Australia: Did you renew the last maximum term contract? If not, be prepared to fight an unfair dismissal action

Last Updated: 1 February 2018
Article by Mike Baldwin

This is the unlikely outcome of the Full Bench decision in Navitas1, which saw the Full Bench throw out the presumed settled view as expressed in Lunn2. Instead, it found that the expiry of a maximum term contract at its nominal expiry date was not a dismissal, as the termination was not at the initiative of the employer. Lunn therefore was authority for the view that upon expiry of the contract, an employee was jurisdictionally barred from pursuing an unfair dismissal claim.

In debunking Lunn, this decision has turned this presumption on its head.

Facts

Mr Khayam was employed by Navitas on a series of maximum term contracts over a number of years. At the conclusion of the last contract, given concerns over his performance, a new contract was not entered into. Navitas allowed the maximum term contract to expire thinking that as per Lunn, this decision would not have a deleterious impact on the organisation.

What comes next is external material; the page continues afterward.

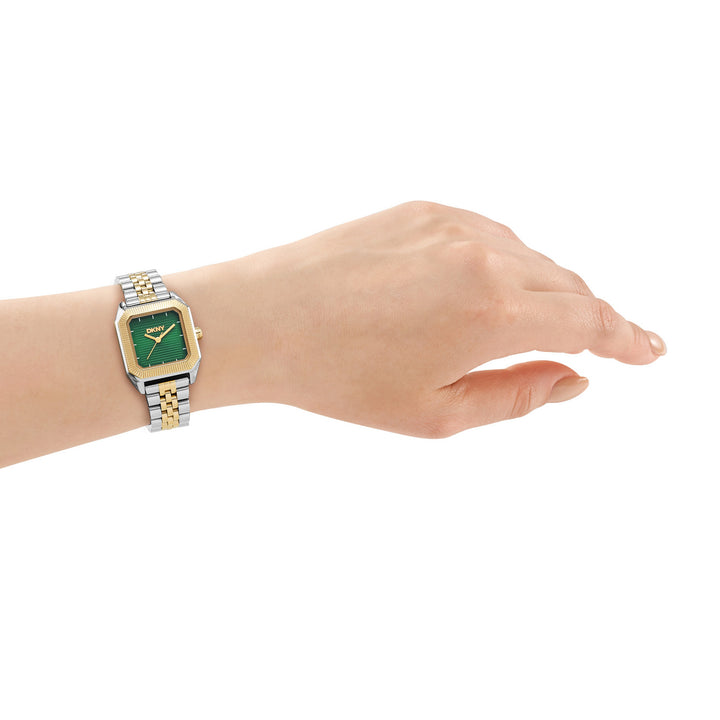 DKNY Signature Shape Two-Tone 27x34mm Green Dial Womens Watch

In contrast, Khayam contended that his employment had been terminated at the initiative of the employer, rather than the effluxion of time and therefore, he was entitled to make an application for unfair dismissal. At first instance, a single commissioner in applying Lunn found for Navitas. On appeal the Full Bench found that it raised an arguable case of error concerning the application of Lunn to the unfair dismissal provision of the Workplace Relations Act 1996 and that its reasoning had not been applied to the relevant provisions of the Fair Work Act 2009 (Act).

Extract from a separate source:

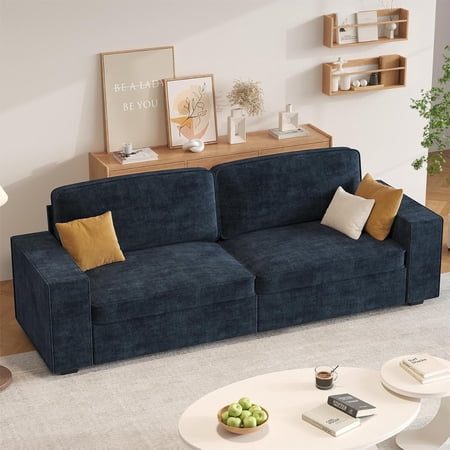 Techmilly Couches for Living Room, Oversized Sofa with Deep Seat, Chenille Comfy Lounge with Removable Cover,All Ages, Blue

In finding for Khayam, the Full Bench held that Lunn was incorrect and therefore not applicable to the Act. It held that the in determining whether there was a dismissal, the correct view was to examine the employment relationship, rather than the termination of the maximum term contract.

So, in deciding not to renew on the basis of the effluxion of time, this may be a termination of employment at the initiative of the employer. The impact being the employee can access the unfair dismissal jurisdiction.

In this case the Full Bench did not ultimately determine whether the employee's employment had been terminated at the initiative of the employer, preferring to remit the matter back to the Commissioner at first instance to determine that question.

Where does this leave employers?

Employers that utilise this type of instrument (local government, public sector and large resource project employers), are advised to undertake a complete review of their contracts. The likelihood of exposure could be quite high, not only with respect to unfair dismissal, but also redundancy, as the employer no longer requires the job be done by anyone and the termination is not due to the ordinary and customary turnover of labour.

In terms of the review, consideration should be given to converting the shorter maximum term contracts into the true fixed term contract, thereby preserving the statutory exclusion to the unfair dismissal jurisdiction. For contracts of a longer term nature, employers will need to have developed a risk management protocol for managing and ending these types of contractual arrangements, so as to lessen their exposure to unfair dismissal litigation.

The information published in this paper is of a general nature and should not be construed as legal advice. Whilst we aim to provide timely, relevant and accurate information, the law may change and circumstances may differ. You should not therefore act in reliance on it without first obtaining specific legal advice.

Footnotes

1 Khayam v Navitas English Pty Ltd t/a Navitas English [2017] FWCFB 5162

2 Department of Justice v Lunn (2006) 158 IR 410

The content of this article is intended to provide a general guide to the subject matter. Specialist advice should be sought about your specific circumstances.